The ASC’s Visiting Fellowship Programme arranges for scholars – mostly but not exclusively from Africa – to spend time in Leiden on their own research, data analysis and writing, often working on a joint project with one or more ASC staff members. Visiting fellows have access to the library and computer facilities of the Centre and the University of Leiden. They contribute to the Centre's seminar programme and most work on papers and books with a view to publication. Others use their time to develop practical projects for implementation in their home countries on their return.

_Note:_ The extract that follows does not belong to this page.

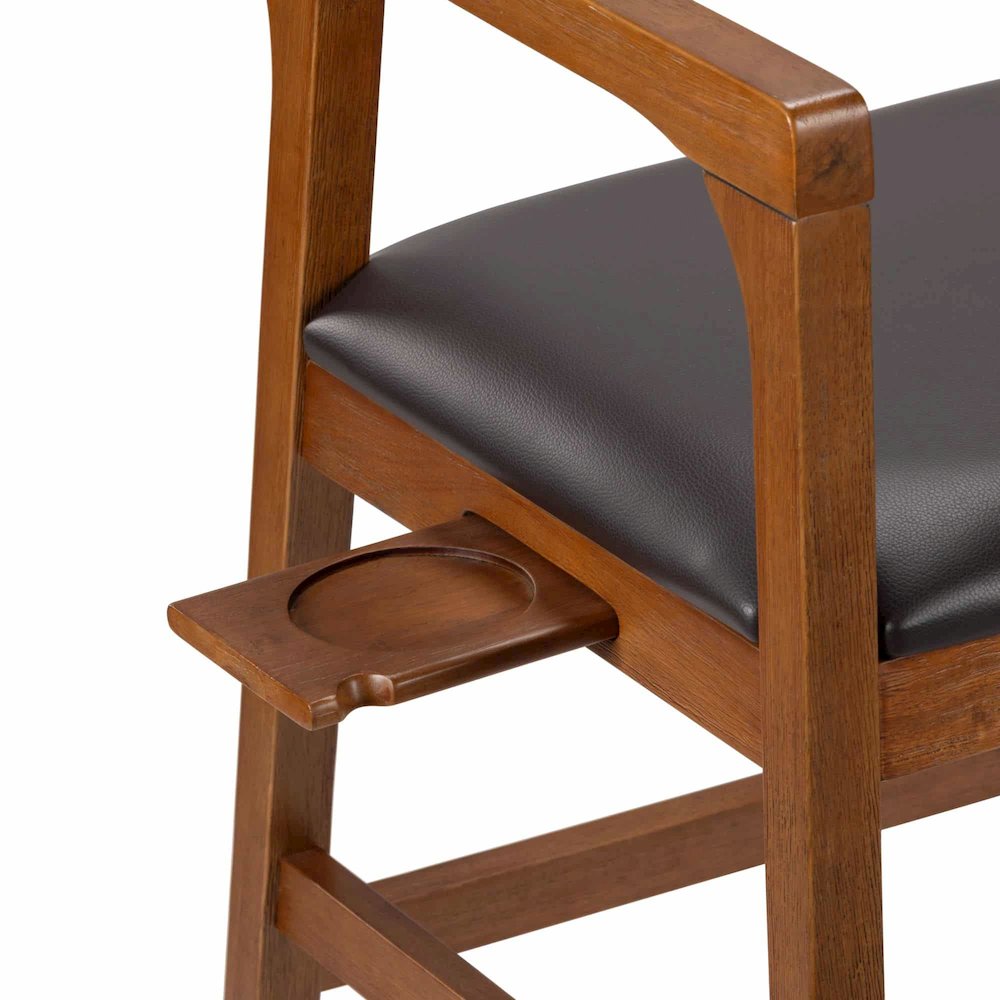 Rasmus Wood Extra Tall Bar Stool - Chestnut Wire-Brush Finish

Due to the problems visiting fellows have had over recent years in obtaining visas to allow them to come to the Netherlands, it has been decided, with regret, to limit stays to periods of three months because it is then easier to acquire a visa. We are disappointed about having to impose this shorter time limit on visiting fellows but having encountered so many difficulties in the past, it seemed a sensible policy to introduce. Now the ASC and visiting fellows are better able to plan visits and schedule their study leave with employers at home. In spite of all these problems, the programme still remains very popular and we wish were able to accept more visiting scholars every year. The period they spend in the Netherlands always appears to be time well spent academically and it is for almost everyone a very productive time.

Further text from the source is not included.